→ **DATASET CONTENT**:
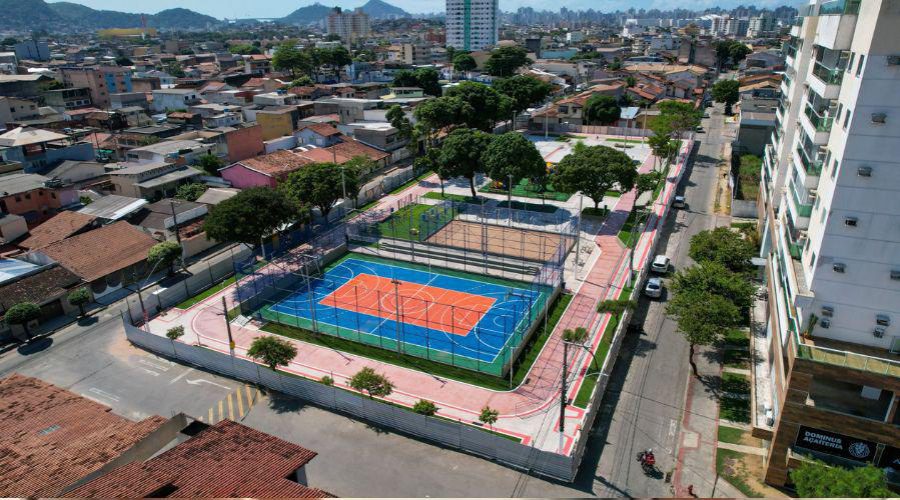 ​Nova praça das famílias será inaugurada em Jardim Guadalajara na sexta-feira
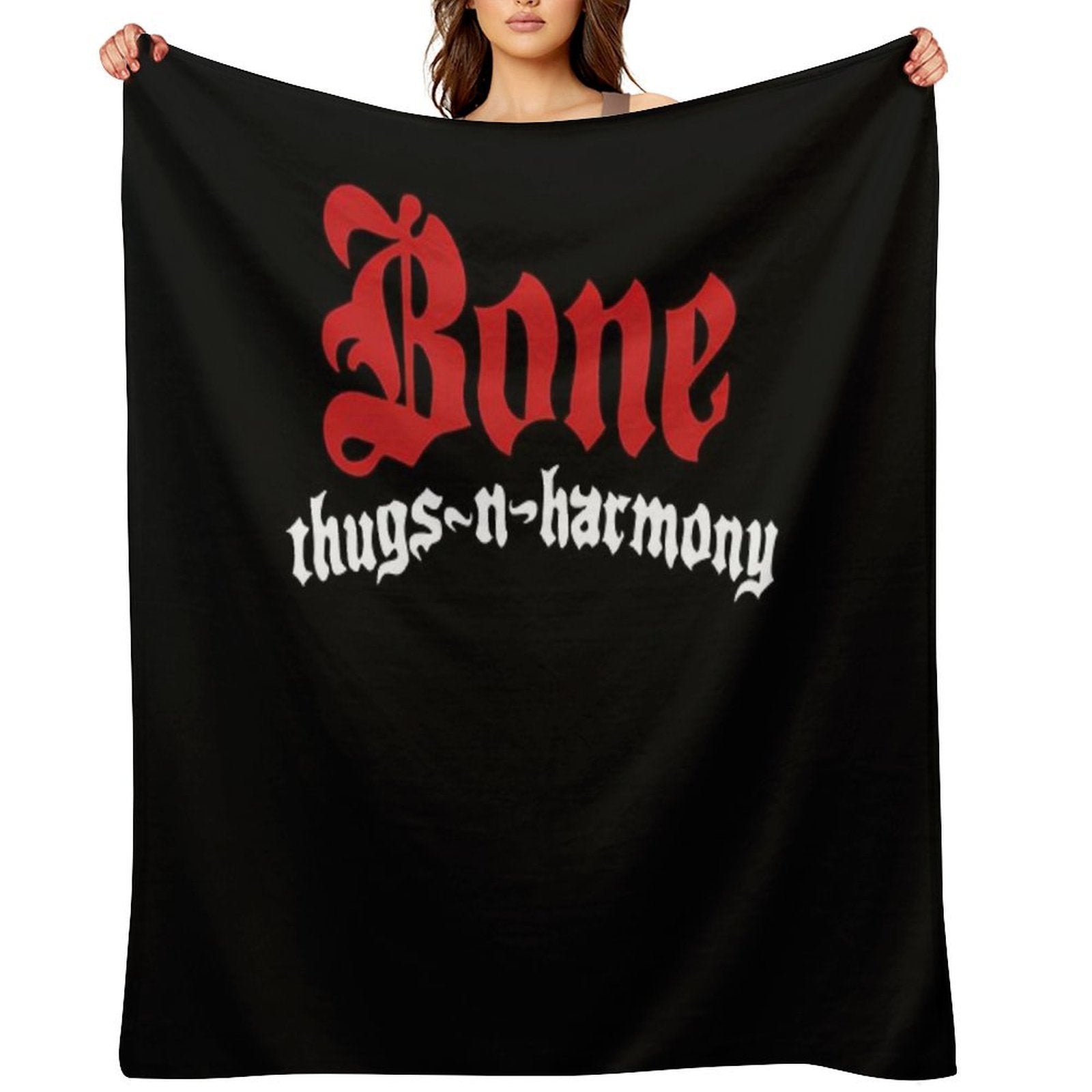 Bone Thugs N Harmony - Hip Hop Print Versatility Throw Blanket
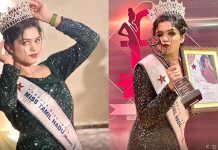 மிஸ் தமிழ்நாடு பட்டத்தை தட்டிச் சென்ற கூலித் தொழிலாளியின் மகள் : உருகும் பெற்றோர்!!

→ **REQUIREMENT**: Copy the material exactly as written and leave every picture behind.

→ **PROBLEM SOLUTION**:
 ​Nova praça das famílias será inaugurada em Jardim Guadalajara na sexta-feira
 Bone Thugs N Harmony - Hip Hop Print Versatility Throw Blanket
 மிஸ் தமிழ்நாடு பட்டத்தை தட்டிச் சென்ற கூலித் தொழிலாளியின் மகள் : உருகும் பெற்றோர்!!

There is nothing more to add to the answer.